● Task details:
In the data below, find the line containing "Красный Шевроле Вольт, объемом" and the line containing "1701 W 42ND PLACE #43 Hialeah, FL 33012", then reproduce them and every line between, exactly. Omit pictures.

━━ Information given

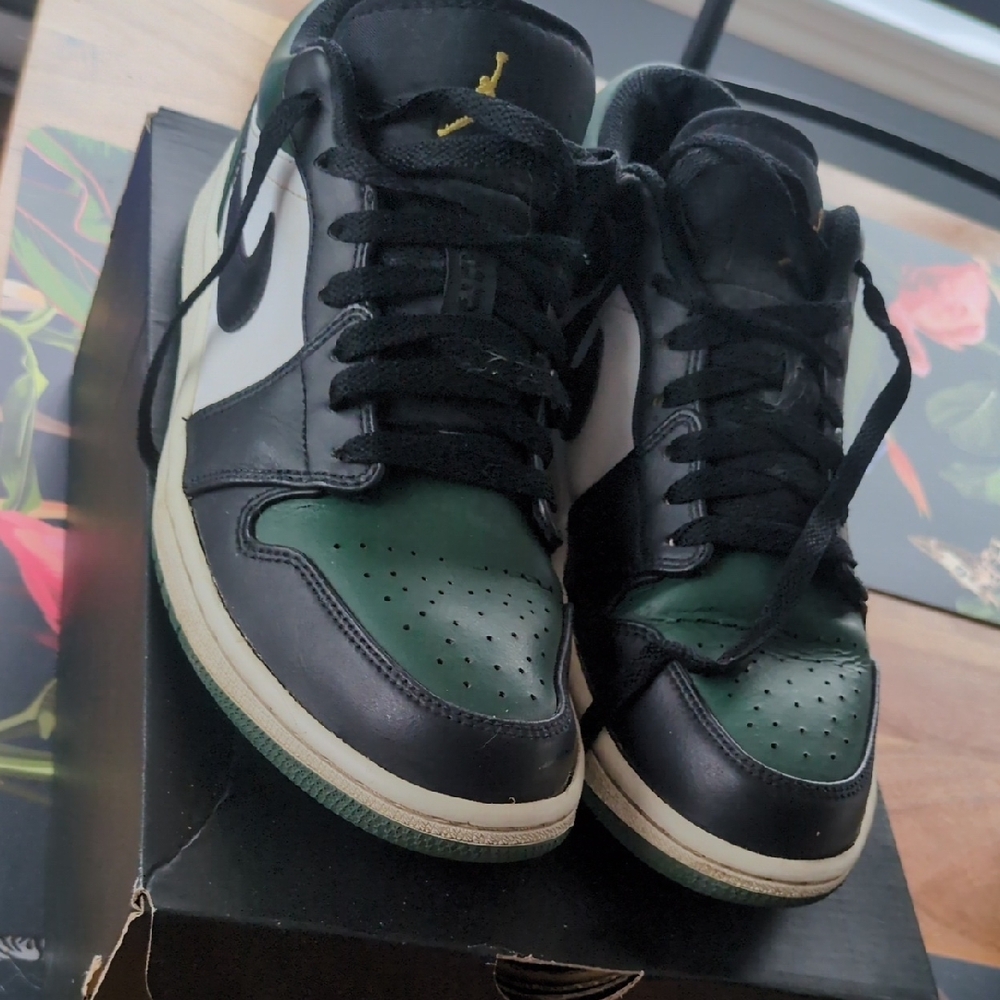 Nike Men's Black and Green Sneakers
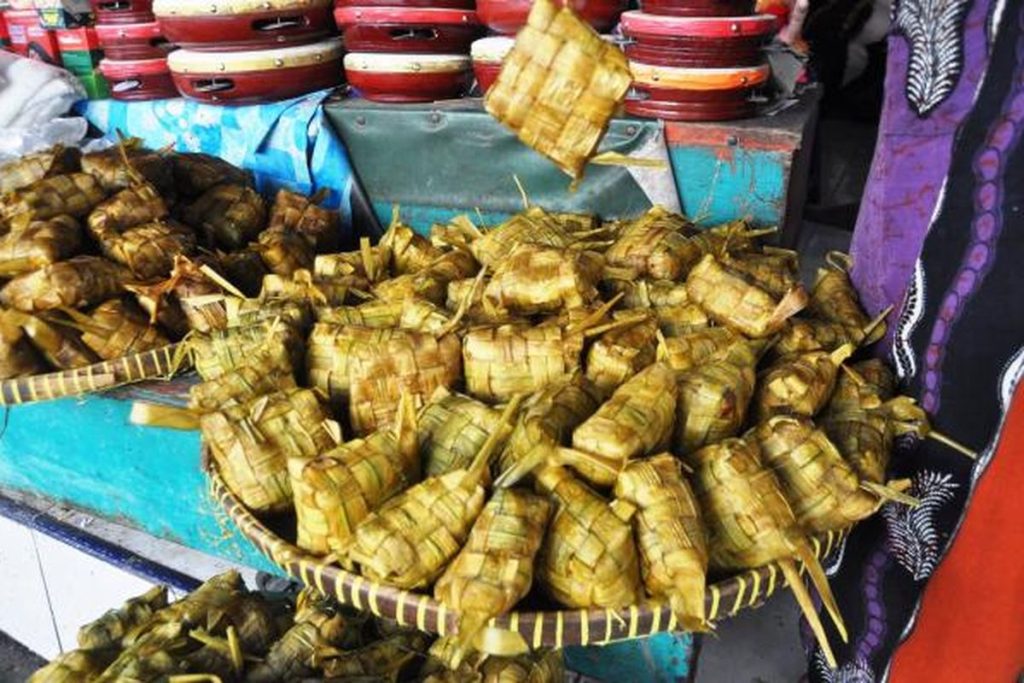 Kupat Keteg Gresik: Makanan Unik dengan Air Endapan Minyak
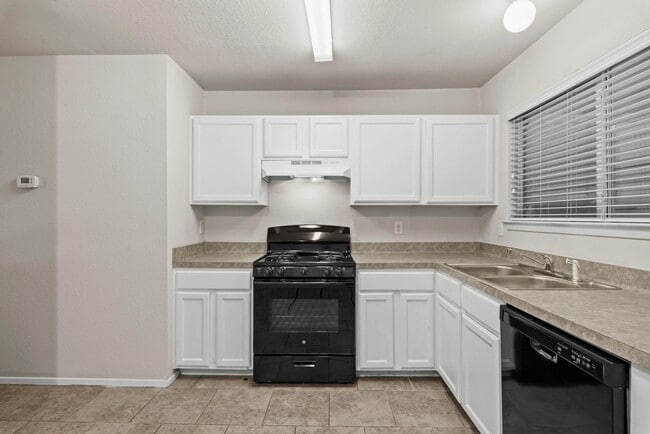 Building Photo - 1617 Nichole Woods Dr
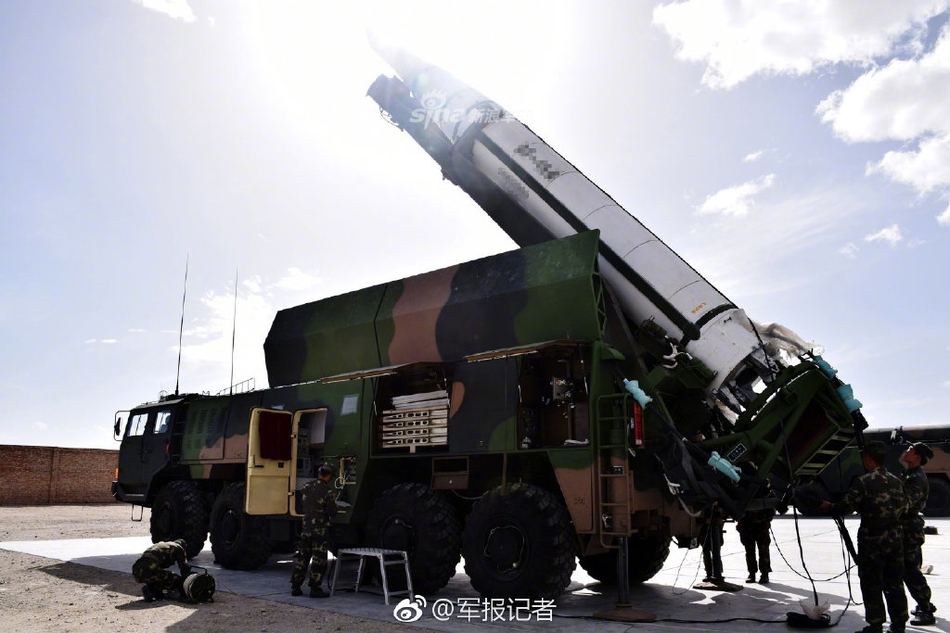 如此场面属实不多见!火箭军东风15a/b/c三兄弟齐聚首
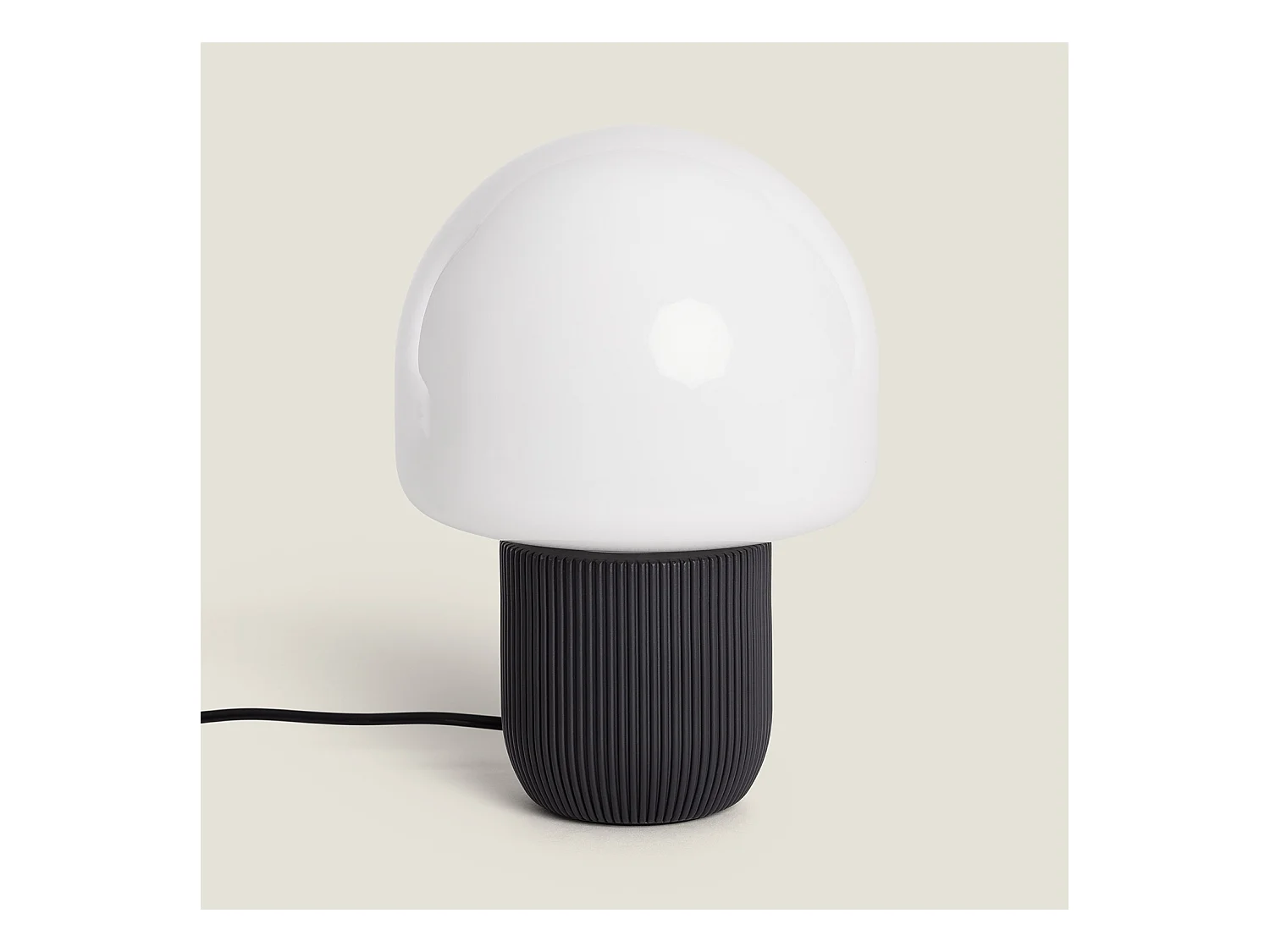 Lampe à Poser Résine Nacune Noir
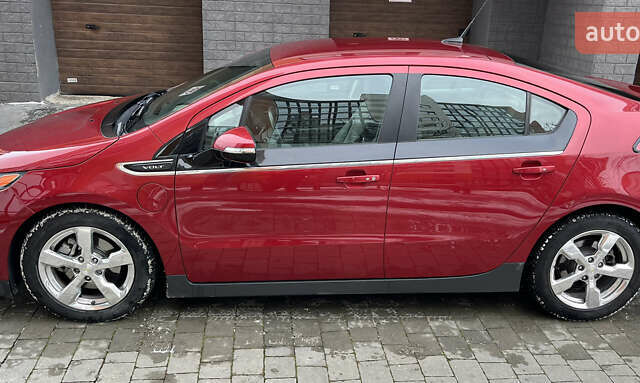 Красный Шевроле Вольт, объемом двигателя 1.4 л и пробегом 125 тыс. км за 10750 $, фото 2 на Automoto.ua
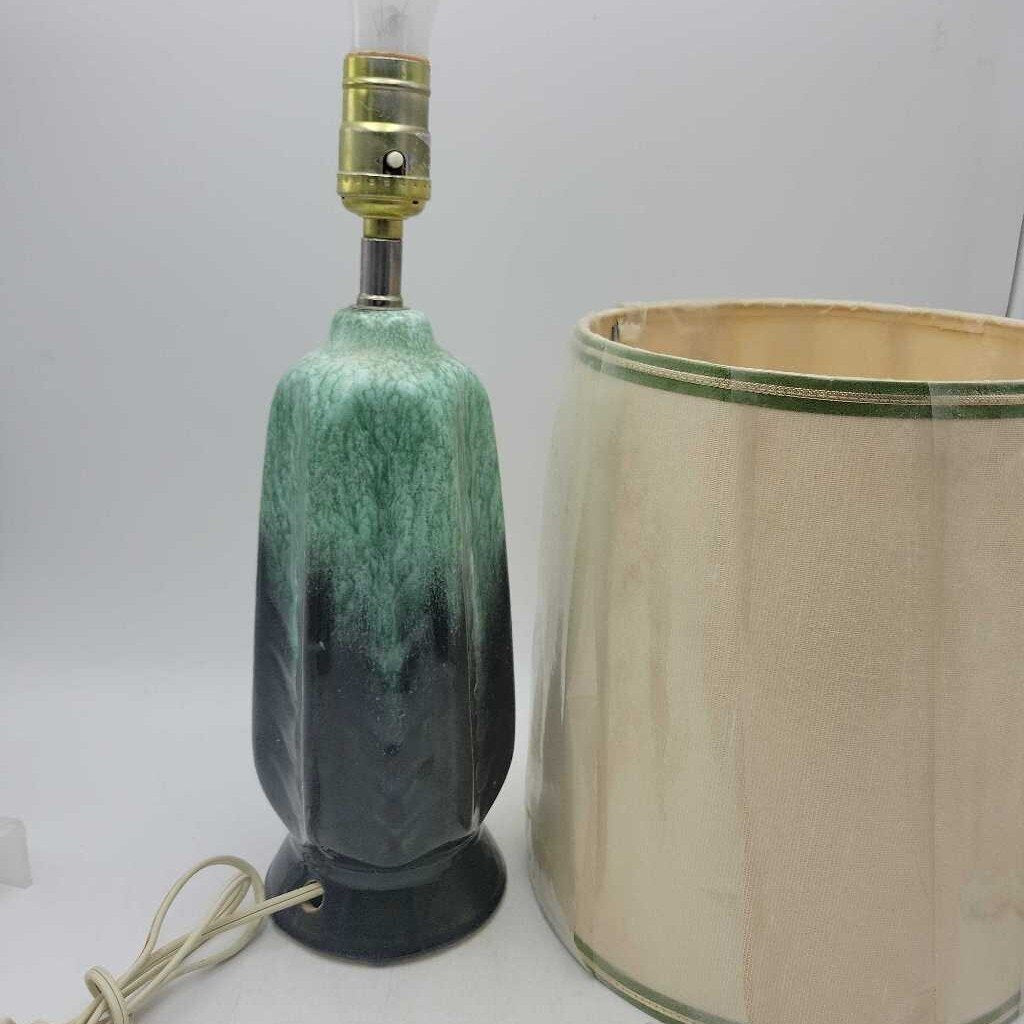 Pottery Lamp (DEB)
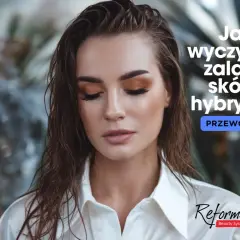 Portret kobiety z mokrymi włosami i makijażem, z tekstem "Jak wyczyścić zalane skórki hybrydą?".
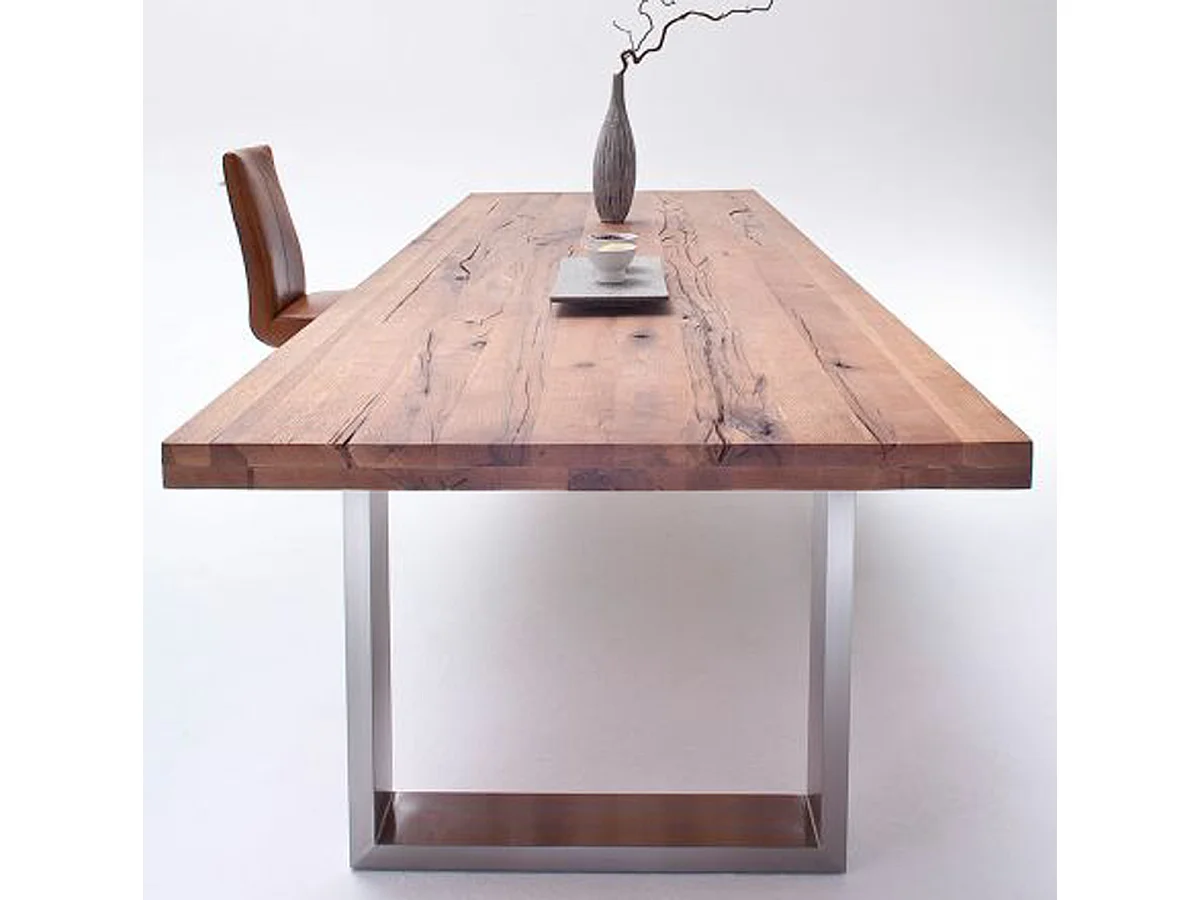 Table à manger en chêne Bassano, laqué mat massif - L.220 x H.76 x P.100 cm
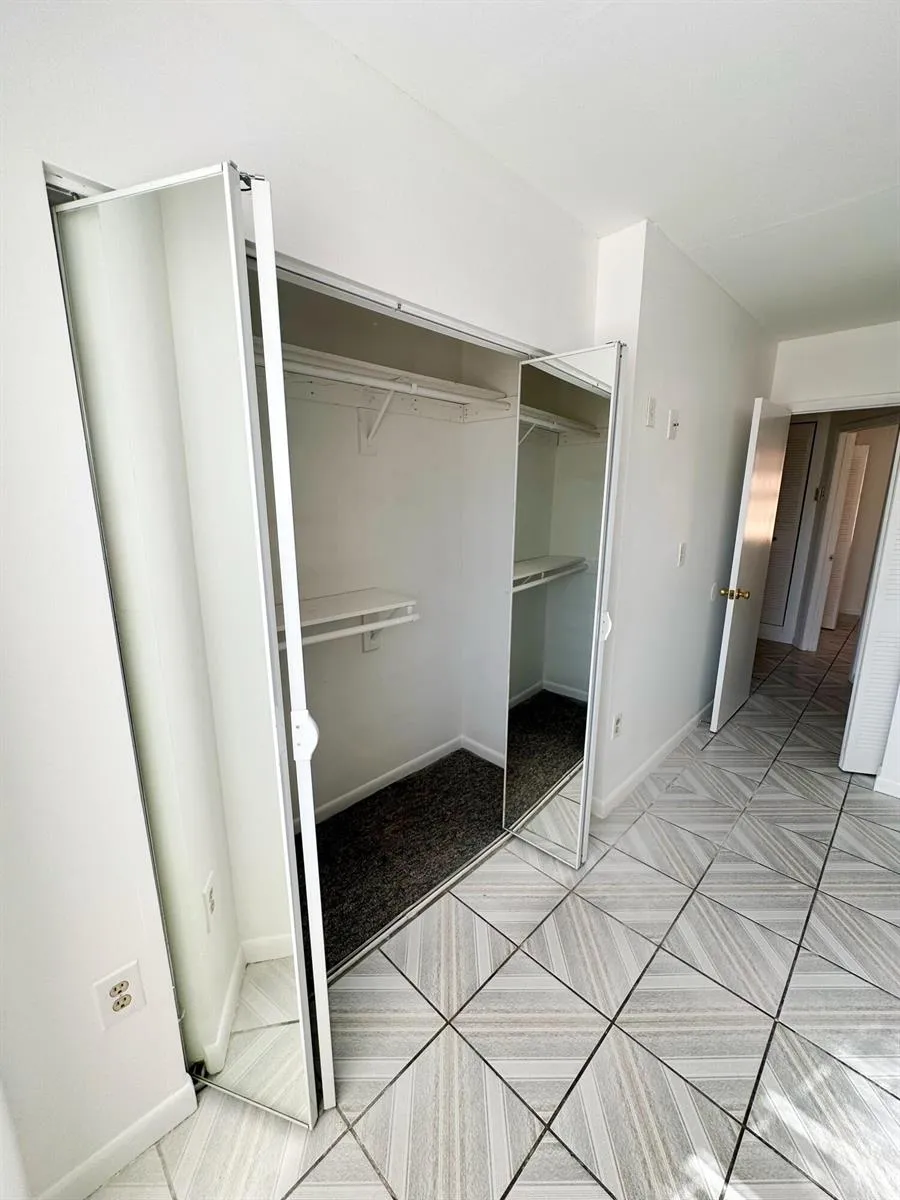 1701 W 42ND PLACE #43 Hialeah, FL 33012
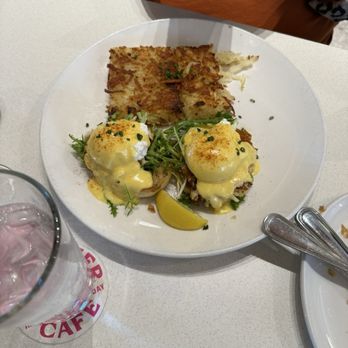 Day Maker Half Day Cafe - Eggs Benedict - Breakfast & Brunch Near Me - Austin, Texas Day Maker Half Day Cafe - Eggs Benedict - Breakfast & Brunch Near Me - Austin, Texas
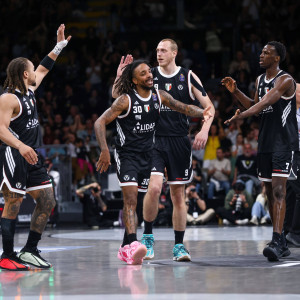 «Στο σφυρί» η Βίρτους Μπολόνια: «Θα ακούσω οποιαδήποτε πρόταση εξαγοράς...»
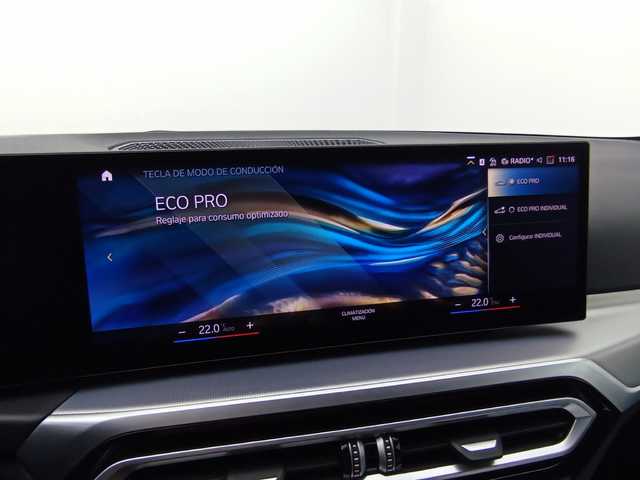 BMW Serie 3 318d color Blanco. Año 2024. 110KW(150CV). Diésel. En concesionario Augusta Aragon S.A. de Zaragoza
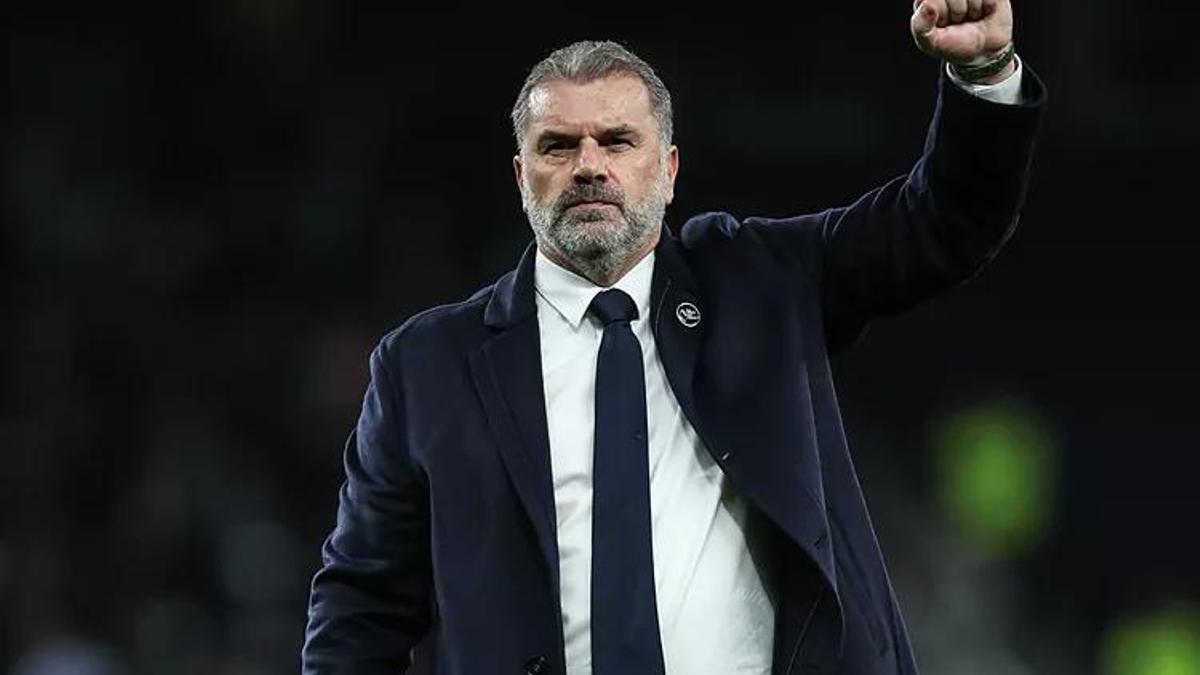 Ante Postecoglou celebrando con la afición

━━━━

● Solution:
 Красный Шевроле Вольт, объемом двигателя 1.4 л и пробегом 125 тыс. км за 10750 $, фото 2 на Automoto.ua
 Pottery Lamp (DEB)
 Portret kobiety z mokrymi włosami i makijażem, z tekstem "Jak wyczyścić zalane skórki hybrydą?".
 Table à manger en chêne Bassano, laqué mat massif - L.220 x H.76 x P.100 cm
 1701 W 42ND PLACE #43 Hialeah, FL 33012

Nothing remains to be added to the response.